**** Given data
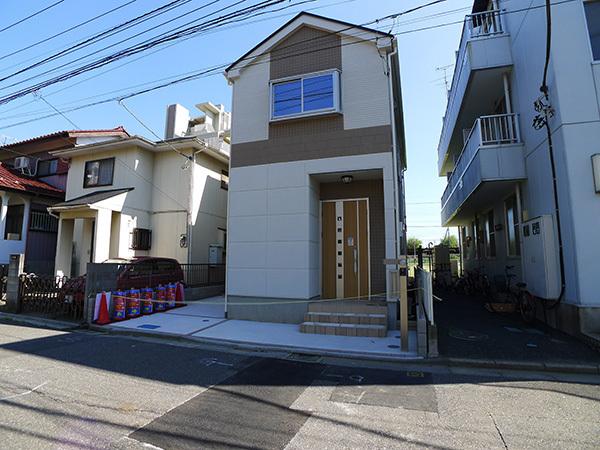 Local appearance photo. Station walk five minutes every day of life more convenient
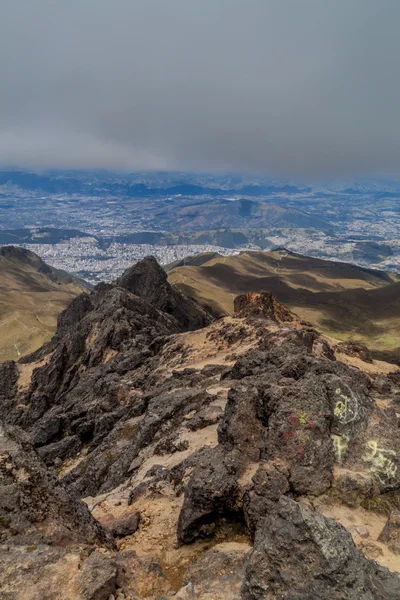 View of Quito from Rucu Pichincha volcano — Stock Photo, Image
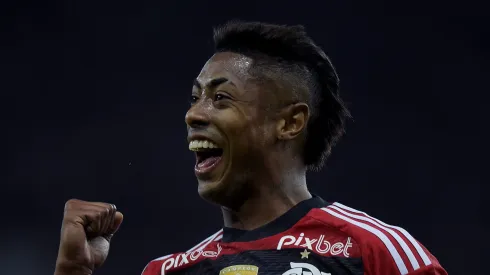 RJ - RIO DE JANEIRO - 28/06/2023 - LIBERTADORES 2023, FLAMENGO X AUCAS - Bruno Henrique jogador do Flamengo comemora seu gol durante partida contra o Aucas no estadio Maracana pelo campeonato Libertadores 2023. Foto: Alexandre Loureiro/AGIF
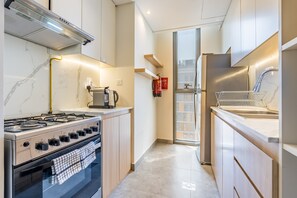 Réfrigérateur, micro-ondes, four, plaque de cuisson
********
All of the data should come back exactly as written, but without pictures.

 Local appearance photo. Station walk five minutes every day of life more convenient
 View of Quito from Rucu Pichincha volcano — Stock Photo, Image
 RJ - RIO DE JANEIRO - 28/06/2023 - LIBERTADORES 2023, FLAMENGO X AUCAS - Bruno Henrique jogador do Flamengo comemora seu gol durante partida contra o Aucas no estadio Maracana pelo campeonato Libertadores 2023. Foto: Alexandre Loureiro/AGIF
 Réfrigérateur, micro-ondes, four, plaque de cuisson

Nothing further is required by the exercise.